The bioBakery help forum

Metagenomic raw data size

Dear bioBakery team,

I have downloaded the raw data of the metagenomic data (MGX) from ftp://ftp.broadinstitute.org/raw/HMP2/MGX/2018-05-04/*.tar.
But I found the data size varies greatly. For example:
-rw-rw-r-- 1 carze broad 1228011520 May 4 2018 HSM6XRR3.tar
-rw-rw-r-- 1 carze broad 334336000 May 4 2018 HSM6XRR5.tar
-rw-rw-r-- 1 carze broad 681635840 May 4 2018 HSM6XRR7.tar
-rw-rw-r-- 1 carze broad 143360 May 4 2018 HSM6XRR9.tar
-rw-rw-r-- 1 carze broad 1518469120 May 4 2018 HSM6XRRB.tar

Prior to Illumina sequencing, were the libraries size of each sample close to each other?
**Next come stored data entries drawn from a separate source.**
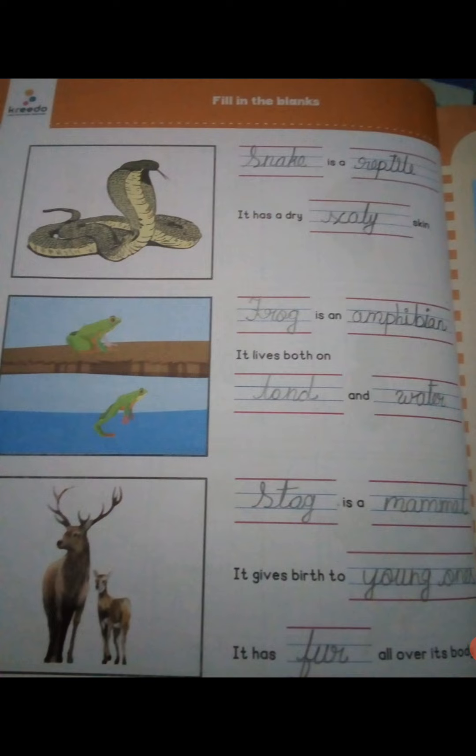It gives birth to young ones. It has fur all over the body. This fur is useful in cold weather, keeping the animal warm.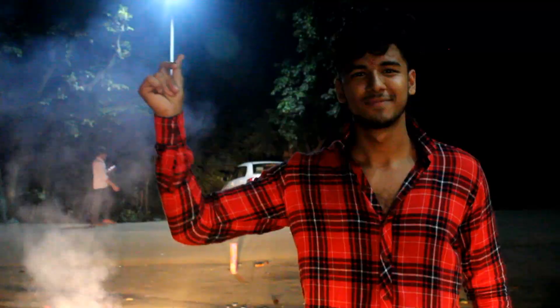Hi everyone, happy Diwali! Today's video is going to be something different — it will not be on DIY but will be on winter collection. Some of you suggested me to do a winter collection video, so I'm doing this video.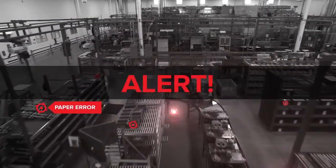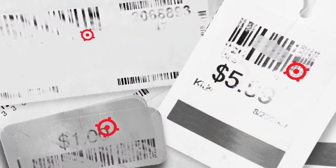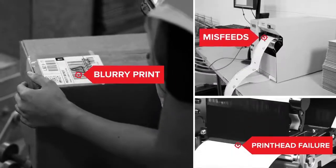Your operations are at risk. Labeling landmines are everywhere. Inferior supplies are a likely culprit — unreadable barcodes, jams, and printhead failures, for starters.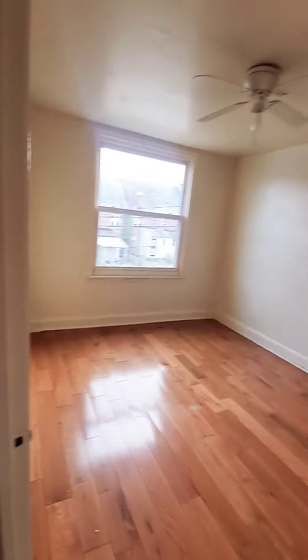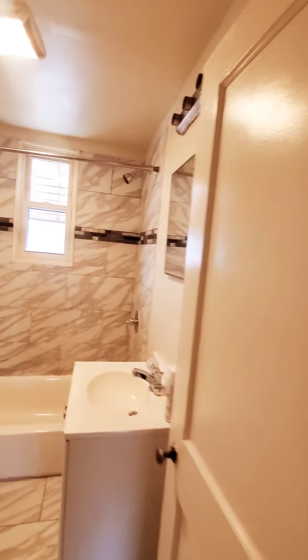We have bedroom number two with plenty of natural light and a closet. And we have your full bathroom.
Or because the data on the HMP2 servers are clean data, and some low-quality reads and human reads were removed, leading to the difference in data size?
Thank you for your time.

Best regards
Sheng

While the target seq depths were similar, that doesn’t always produce the same number of reads per sample in the end. That, combined with the qc procedures, explains the variance in file size / read count.